Rigs to Reefs and Other Artificial Habitats

By: Kaspersen, Janice Comments

“Repurposing” has become a big trend for many people concerned about the environment: whatever you were about to throw away may not be trash destined for a landfill after all, but might serve some other useful function. On a small scale this sometimes means people turning egg cartons into drawer organizers or simply reusing their shipping boxes; on a large scale, it involves things as large as oil rigs.

Once they’re no longer in use, oil rigs are to the ocean something like defunct satellites are to space: they don’t really belong there anymore but they’re tough to remove. Oil companies once paid to dismantle and haul away decommissioned rigs, but in 1987, supported by the National Wildlife Foundation and other groups, Louisiana started the United States’ first “rigs to reefs” program. The idea is to leave the rigs in place and, with them, the ecosystems that have come to depend on them; remove the rig, proponents argue, and you destroy a thriving ecosystem along with it. Under Louisiana’s program, the oil companies donated to the state a portion of the money they would have spent to remove the rigs, and the state uses that money to support the program and monitor the undersea environment.

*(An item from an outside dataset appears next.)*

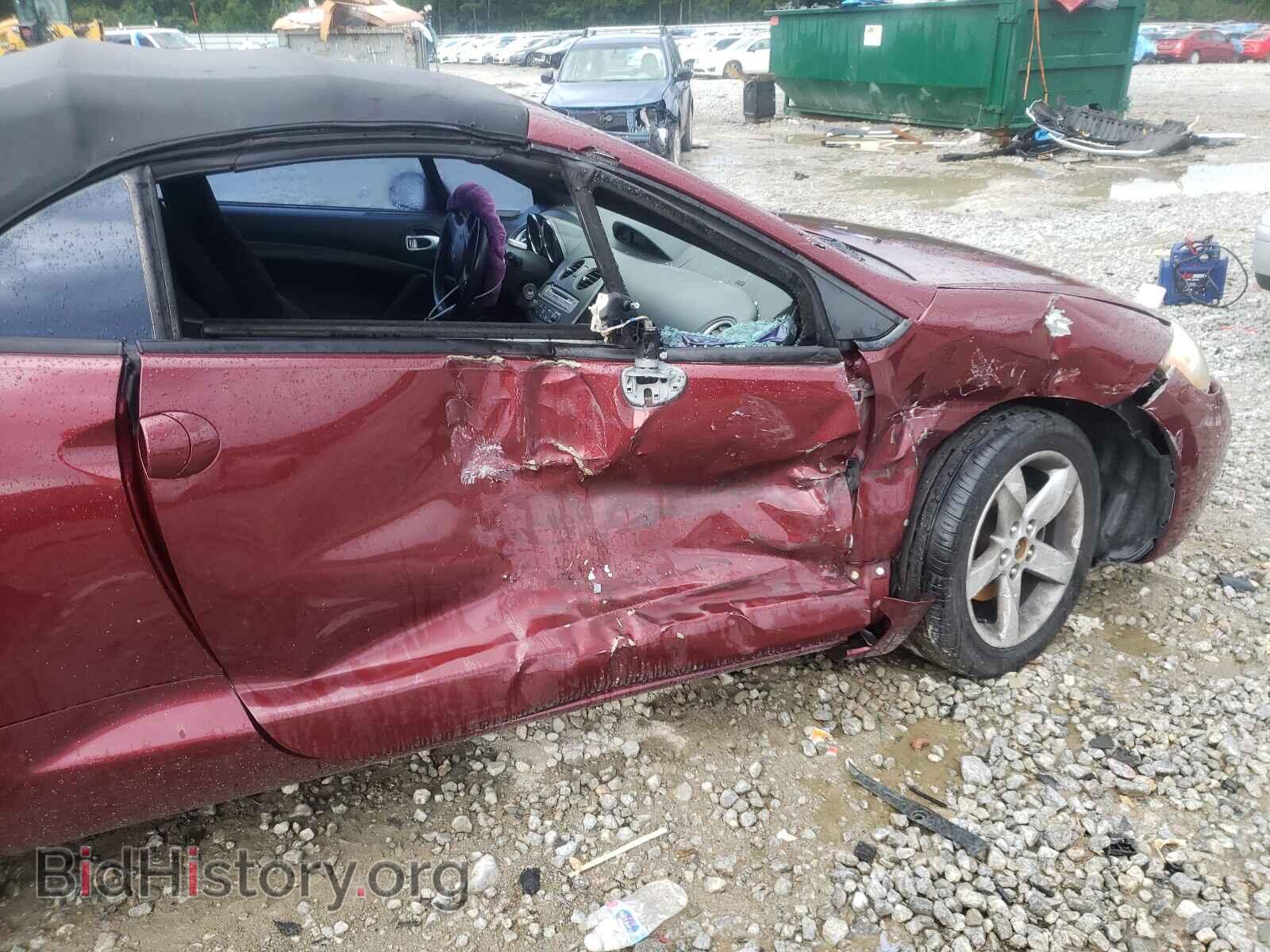 2007 MITSUBISHI ECLIPSE - VIN: 4A3AL35T77E067303 - Photo 9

The rigs can serve as artificial coral reefs, and with as many as three-quarters of the world’s reefs in trouble because of environmental disruption, ocean warming, and even noise pollution, leaving the rigs in place is starting to look to many people like a better idea. Other hard artificial structures, too, have become a home for coral, and this relationship is now acknowledged to the point that, when the structure is disturbed for some reason, we make temporary housing provisions for the species that depend on it.

This is happening right now in Florida, where a sewage outflow pipeline was damaged by dredging. The pipeline cover must be repaired, but scientists have found more than 200 coral colonies living on it. Broward County has commissioned a team of divers to transplant the coral to an artificial reef. Once repairs are completed, the coral will be returned to their exact positions on the pipeline.